- [Work to complete]:
Pictures are to be left out, but please repeat each record exactly.

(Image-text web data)
------------------------------

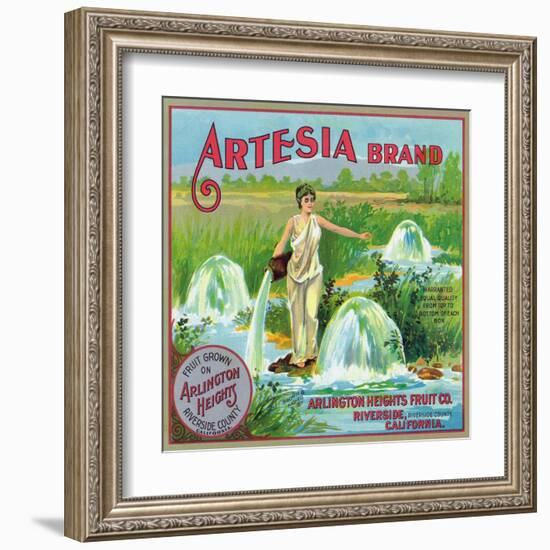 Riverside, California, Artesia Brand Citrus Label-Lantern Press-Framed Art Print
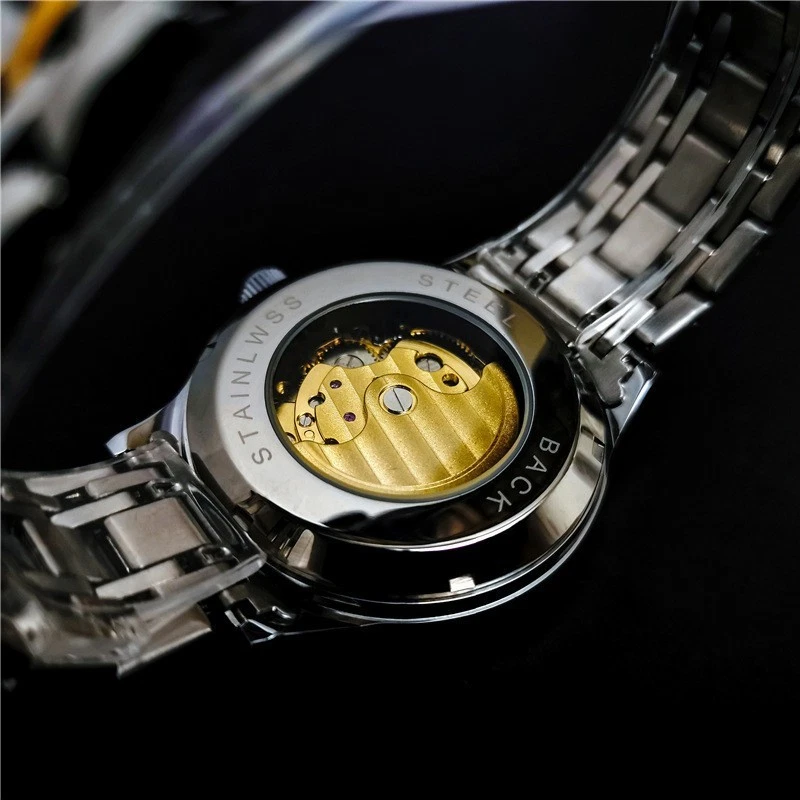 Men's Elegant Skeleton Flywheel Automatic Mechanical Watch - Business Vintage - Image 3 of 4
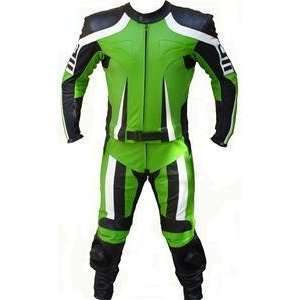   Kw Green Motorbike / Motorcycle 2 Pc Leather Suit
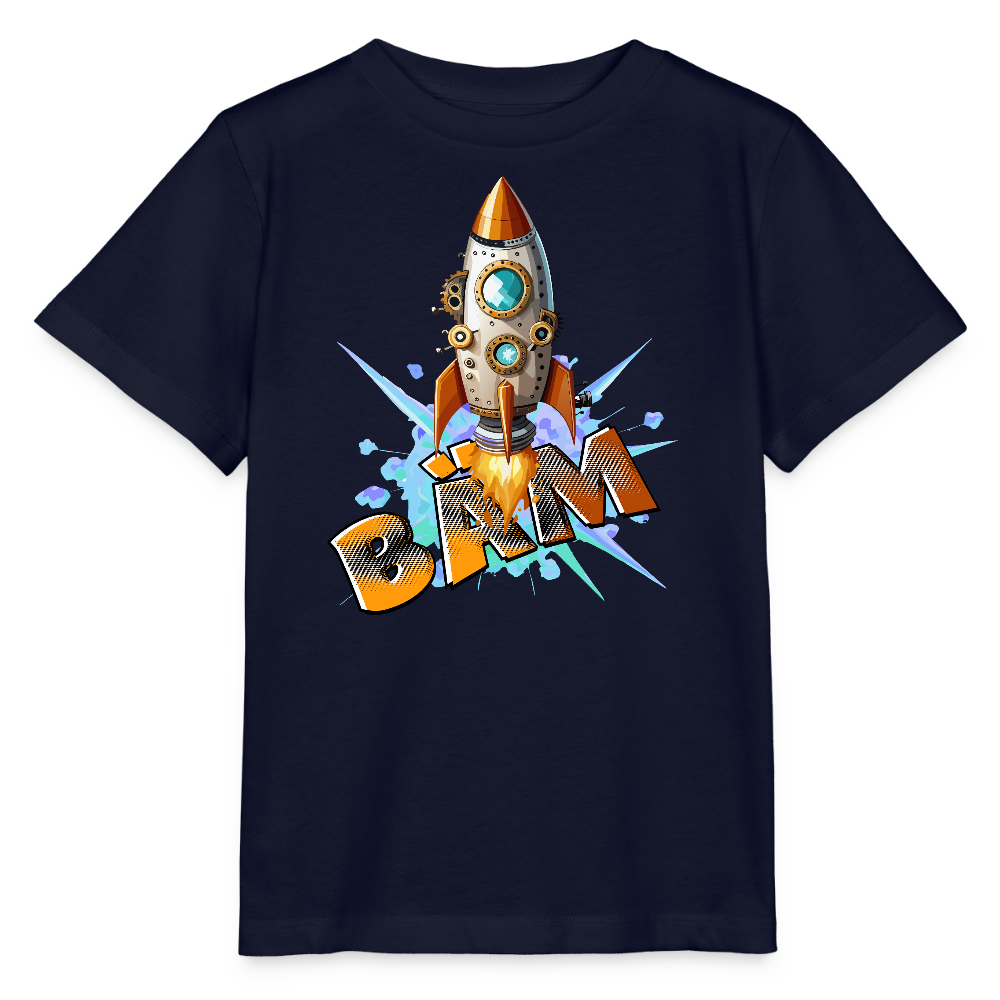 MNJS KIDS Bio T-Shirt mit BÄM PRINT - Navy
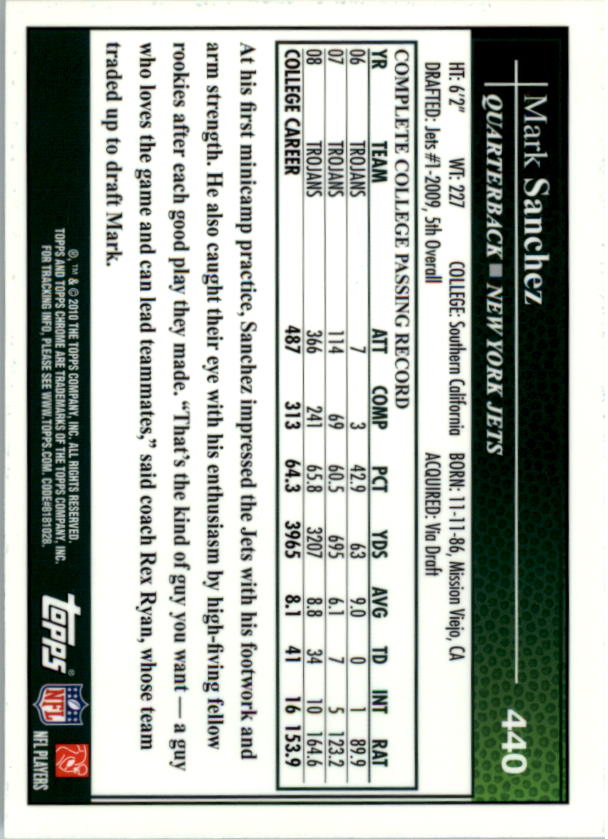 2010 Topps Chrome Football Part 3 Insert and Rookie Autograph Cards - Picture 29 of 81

------------------------------

- [The answer]:
 Riverside, California, Artesia Brand Citrus Label-Lantern Press-Framed Art Print
 Men's Elegant Skeleton Flywheel Automatic Mechanical Watch - Business Vintage - Image 3 of 4
   Kw Green Motorbike / Motorcycle 2 Pc Leather Suit
 MNJS KIDS Bio T-Shirt mit BÄM PRINT - Navy
 2010 Topps Chrome Football Part 3 Insert and Rookie Autograph Cards - Picture 29 of 81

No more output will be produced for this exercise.